In my case the expectation was I'd be released from the hospital with a 90 degree range of motion (ROM). After a week I was sent home with only a 42 degree ROM. The beginning of my at home rehab didn't start off well and I was becoming very discouraged. Very simply, my PT was holding me back in my opinion. I discussed this with my doc and he said he was OK with my taking things into my own hands as I'd had 6 surgeries (two of them being reconstructions) on this knee already. He figured I'd know when I pushed myself and the joint too far so he was willing to give me the green light.

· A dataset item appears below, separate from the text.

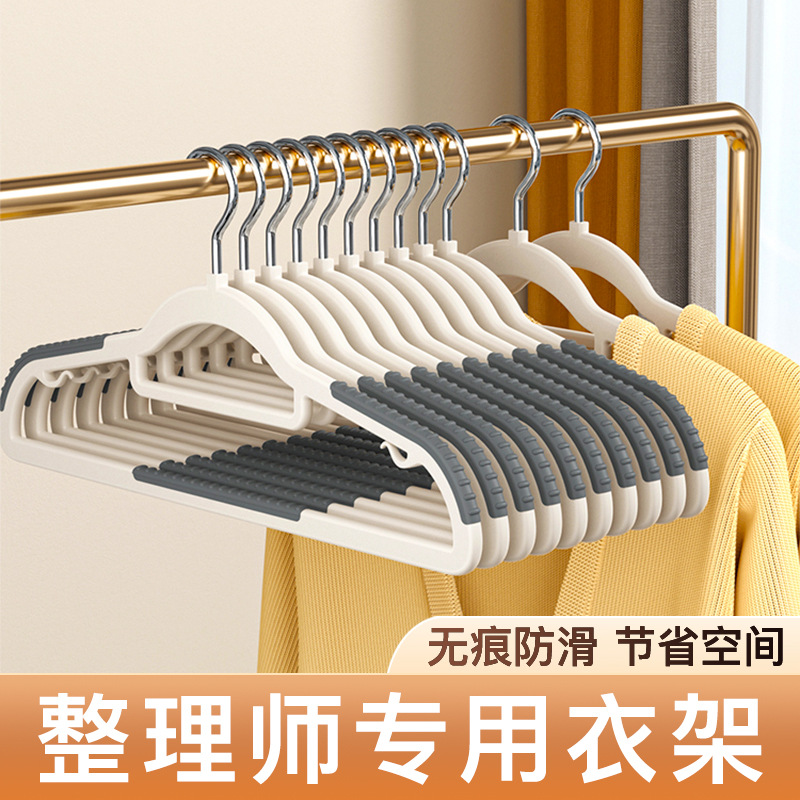 12130968.【山姆同款到手20支】防滑无痕衣架 整理师专用干湿两用衣服撑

Luckily he also found me a really astute PT who was very helpful in getting me to where I wanted to go.

In the end, with a lot of work, I was able to achieve a higher ROM than was expected. I was also released from PT two weeks earlier then scheduled due to all the work.

Throughout all of this I was out of work for 6 weeks. I slowly entered back into doing activities about 10 weeks after the surgery and was back to my usual round of activities
within 4 months. This was very important to me because I worked with a college outdoor program at the time and needed to be ready for the fall semester. As soon as school started up I was ready for our full slate of activities (hiking, paddling, rock climbing, etc.) and was able to xc ski & snowshoe that winter with no problems whatsoever.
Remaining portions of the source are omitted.